For which the answer is oh, just use GROUP_CONCAT, which isn't even SQL. And I've still got to fix it up by running split when I get it back. Nor does it work particularly well if you're joining against something that isn't a single string column.
So I just bang the rocks together like a caveman and write a second query to go back and fetch all the tags, then loop around assign them to the matching posts.
This seems fundamentally unfixable with current ORMs. You either have to pick between lazy loading per entity, or eager load and carthesian product everything, which breaks badly if you are dealing with multiple one-to-many relations.
Our solution was to write our own ORM-like system that “remembers” which entities you’ve loaded within the context of the transaction, and then will fetch the relation for all of them. So if you access a1.b then it will also fetch a2.b and cache it if you loaded a2 within that same transaction. The call to a2.b will then resolve instantly. So instead of n queries with n being the number of entities loaded in lazy loading, you’re doing n queries with n being the number of relations touched.
The one bad failure case is if you update entities one-by-one but also accessing their relations in a loop since you invalidate the cache for that entity type on every write.

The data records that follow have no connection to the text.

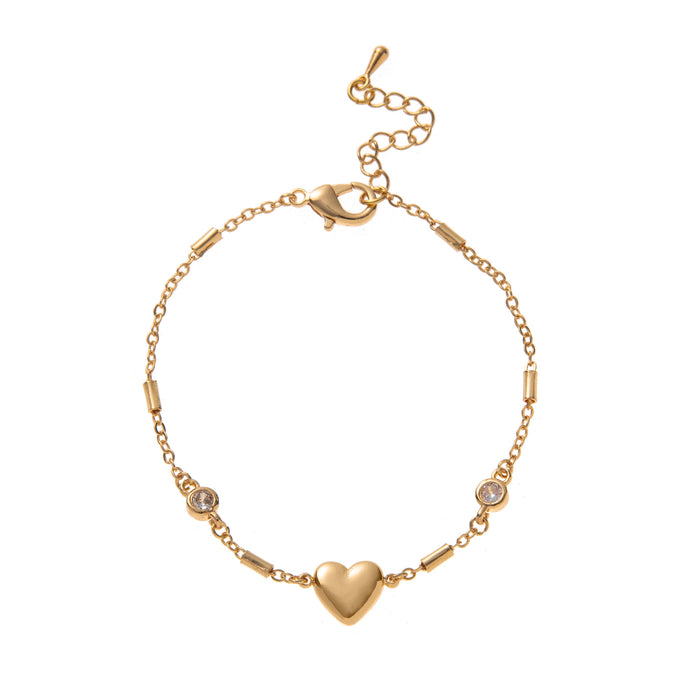 Wholesale Fashion accessories, light luxury style, heart-shaped electroplating, zircon gold-plated adjustable bracelet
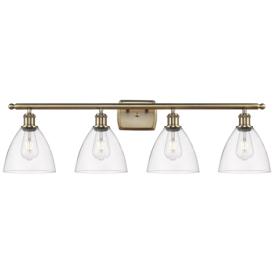 Bristol Glass 4 Light 38" LED Bath Light - Antique Brass - Clear Shade Bristol Glass 4 Light 38" LED Bath Light - Antique Brass - Clear Shade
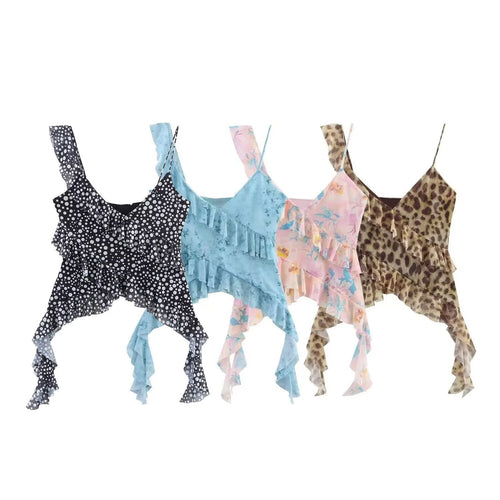 Femme Asymmetrisk Rynke-Leopardmønster-Top Stilla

Django (python) does lazy loading by default, cartesian product with "select_related()", and has a third option called "prefetch_related()" where it does only 2 queries then does the join programmatically for you instead of in the database. It's kind of like your custom system except you do have to specify ahead of time which fields to prefetch.
It's also had this for over a decade so I have to wonder how rare it actually is in ORMs in general...
Interesting. Does it do this separate query for all entities in scope, or per entiry like Hibernates SELECT FetchMode? I find a separate SELECT is usually possible, but doesn’t quite solve this in the general case.
Perhaps I missed Django, but as far as I could tell, Hibernate and jooq can’t do this, Ecto can’t do it, ActiveRecord can’t, and the entirety of ORMs for JS can’t (TypeORM, Prisma, Drizzle, Sequelize and a bunch more).
I'm not sure I understand the question. If I'm reading the Hibernate examples right, I already answered that in my first comment: Lazy loading (separate query for each row, 1+N problem) is the default, one additional query per each field with prefetch_related() (1+1 if you only need 1 relationship, 1+2 for 2 relationships, etc).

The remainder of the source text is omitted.